I have a dataframe which has columns around 400, I want to drop 100 columns as per my requirement.
So i have created a Scala List of 100 column names.
And then i want to iterate through a for loop to actually drop the column in each for loop iteration.
Below is the code.
final val dropList: List[String] = List("Col1","Col2",...."Col100”)
def drpColsfunc(inputDF: DataFrame): DataFrame = {
for (i <- 0 to dropList.length - 1) {
val returnDF = inputDF.drop(dropList(i))
}
return returnDF
}
val test_df = drpColsfunc(input_dataframe)
test_df.show(5)
Answer:
val colsToRemove = Seq("colA", "colB", "colC", etc)
val filteredDF = df.select(df.columns .filter(colName => !colsToRemove.contains(colName)) .map(colName => new Column(colName)): _*)
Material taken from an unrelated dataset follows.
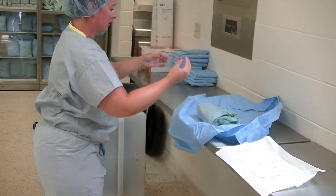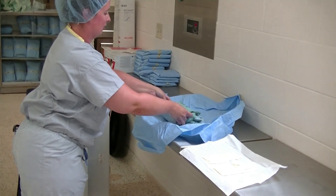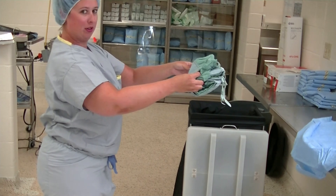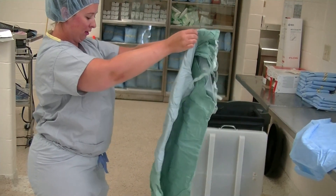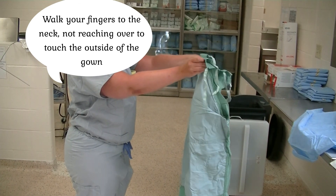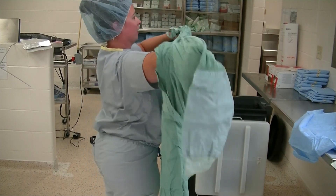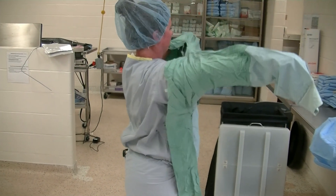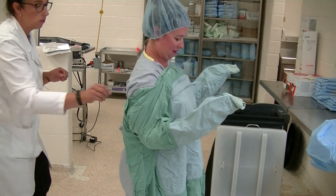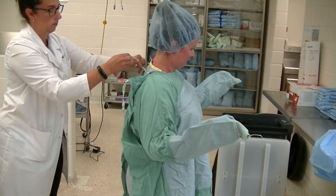Next we're going to gown. Come in, pick up your gown, and back away from your space so that you have room to open the gown. Stay up near your neck and dive your arms into the sleeves. Then have your assistant tie your gown.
If you just want to do nothing more complex than dropping several named columns, as opposed to selecting them by a particular condition, you can simply do the following:
df.drop("colA", "colB", "colC")
You can just do,
def dropColumns(inputDF: DataFrame, dropList: List[String]): DataFrame =
dropList.foldLeft(inputDF)((df, col) => df.drop(col))
It will return you the DataFrame
without the columns passed in dropList
.
As an example (of what's happening behind the scene), let me put it this way.
scala> val list = List(0, 1, 2, 3, 4, 5, 6, 7)
list: List[Int] = List(0, 1, 2, 3, 4, 5, 6, 7)
scala> val removeThese = List(0, 2, 3)
removeThese: List[Int] = List(0, 2, 3)
scala> removeThese.foldLeft(list)((l, r) => l.filterNot(_ == r))
res2: List[Int] = List(1, 4, 5, 6, 7)
The returned list (in our case, map it to your DataFrame) is the latest filtered. After each fold, the latest is passed to the next function (_, _) => _
.